Content starts

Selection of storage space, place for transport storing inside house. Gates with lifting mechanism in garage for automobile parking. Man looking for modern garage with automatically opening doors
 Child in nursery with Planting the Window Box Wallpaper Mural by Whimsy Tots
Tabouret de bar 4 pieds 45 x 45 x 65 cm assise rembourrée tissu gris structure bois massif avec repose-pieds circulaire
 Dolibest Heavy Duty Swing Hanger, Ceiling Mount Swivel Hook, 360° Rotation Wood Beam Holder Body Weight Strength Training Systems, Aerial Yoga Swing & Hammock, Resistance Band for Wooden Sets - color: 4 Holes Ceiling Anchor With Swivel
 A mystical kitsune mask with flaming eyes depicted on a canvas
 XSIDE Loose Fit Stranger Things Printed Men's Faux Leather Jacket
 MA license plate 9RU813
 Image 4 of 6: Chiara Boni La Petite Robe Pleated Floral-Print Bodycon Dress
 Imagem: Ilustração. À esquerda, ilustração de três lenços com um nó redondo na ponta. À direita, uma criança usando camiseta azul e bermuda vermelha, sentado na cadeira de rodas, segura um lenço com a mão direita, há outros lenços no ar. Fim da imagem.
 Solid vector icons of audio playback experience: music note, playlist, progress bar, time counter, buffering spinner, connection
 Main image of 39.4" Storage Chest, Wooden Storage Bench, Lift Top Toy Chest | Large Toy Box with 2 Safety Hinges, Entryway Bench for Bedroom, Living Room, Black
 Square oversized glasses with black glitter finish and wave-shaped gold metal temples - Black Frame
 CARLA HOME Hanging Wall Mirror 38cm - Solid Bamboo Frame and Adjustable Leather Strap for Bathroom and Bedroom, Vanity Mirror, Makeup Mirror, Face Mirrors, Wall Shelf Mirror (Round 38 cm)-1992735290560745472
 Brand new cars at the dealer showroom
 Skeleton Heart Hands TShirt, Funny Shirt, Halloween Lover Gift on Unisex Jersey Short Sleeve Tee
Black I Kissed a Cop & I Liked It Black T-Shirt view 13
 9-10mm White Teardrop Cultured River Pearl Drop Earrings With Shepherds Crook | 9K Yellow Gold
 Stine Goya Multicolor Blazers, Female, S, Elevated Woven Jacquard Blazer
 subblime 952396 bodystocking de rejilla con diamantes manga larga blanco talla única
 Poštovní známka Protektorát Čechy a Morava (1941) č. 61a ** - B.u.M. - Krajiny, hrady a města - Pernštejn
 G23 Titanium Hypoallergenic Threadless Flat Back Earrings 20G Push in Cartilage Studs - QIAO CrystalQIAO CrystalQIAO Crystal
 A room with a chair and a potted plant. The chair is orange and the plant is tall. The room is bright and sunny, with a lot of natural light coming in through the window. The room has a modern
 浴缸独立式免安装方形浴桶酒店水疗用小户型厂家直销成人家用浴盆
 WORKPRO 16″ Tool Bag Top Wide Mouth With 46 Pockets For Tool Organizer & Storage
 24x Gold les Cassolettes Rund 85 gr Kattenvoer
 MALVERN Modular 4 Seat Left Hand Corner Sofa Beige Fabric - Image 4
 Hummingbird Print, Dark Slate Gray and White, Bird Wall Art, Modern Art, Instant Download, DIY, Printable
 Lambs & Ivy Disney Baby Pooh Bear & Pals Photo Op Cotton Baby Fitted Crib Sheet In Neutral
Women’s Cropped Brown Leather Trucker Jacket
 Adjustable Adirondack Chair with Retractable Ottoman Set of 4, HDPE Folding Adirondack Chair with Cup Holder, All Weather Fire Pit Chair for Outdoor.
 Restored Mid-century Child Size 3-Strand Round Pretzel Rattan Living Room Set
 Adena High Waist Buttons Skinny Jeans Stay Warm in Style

Content ends

AIM OF THE TASK: Above are some lines. Repeat exactly, and only, those from the line that has "Tabouret de bar" through the line that has "Black I Kissed".

RESULT:
Tabouret de bar 4 pieds 45 x 45 x 65 cm assise rembourrée tissu gris structure bois massif avec repose-pieds circulaire
 Dolibest Heavy Duty Swing Hanger, Ceiling Mount Swivel Hook, 360° Rotation Wood Beam Holder Body Weight Strength Training Systems, Aerial Yoga Swing & Hammock, Resistance Band for Wooden Sets - color: 4 Holes Ceiling Anchor With Swivel
 A mystical kitsune mask with flaming eyes depicted on a canvas
 XSIDE Loose Fit Stranger Things Printed Men's Faux Leather Jacket
 MA license plate 9RU813
 Image 4 of 6: Chiara Boni La Petite Robe Pleated Floral-Print Bodycon Dress
 Imagem: Ilustração. À esquerda, ilustração de três lenços com um nó redondo na ponta. À direita, uma criança usando camiseta azul e bermuda vermelha, sentado na cadeira de rodas, segura um lenço com a mão direita, há outros lenços no ar. Fim da imagem.
 Solid vector icons of audio playback experience: music note, playlist, progress bar, time counter, buffering spinner, connection
 Main image of 39.4" Storage Chest, Wooden Storage Bench, Lift Top Toy Chest | Large Toy Box with 2 Safety Hinges, Entryway Bench for Bedroom, Living Room, Black
 Square oversized glasses with black glitter finish and wave-shaped gold metal temples - Black Frame
 CARLA HOME Hanging Wall Mirror 38cm - Solid Bamboo Frame and Adjustable Leather Strap for Bathroom and Bedroom, Vanity Mirror, Makeup Mirror, Face Mirrors, Wall Shelf Mirror (Round 38 cm)-1992735290560745472
 Brand new cars at the dealer showroom
 Skeleton Heart Hands TShirt, Funny Shirt, Halloween Lover Gift on Unisex Jersey Short Sleeve Tee
Black I Kissed a Cop & I Liked It Black T-Shirt view 13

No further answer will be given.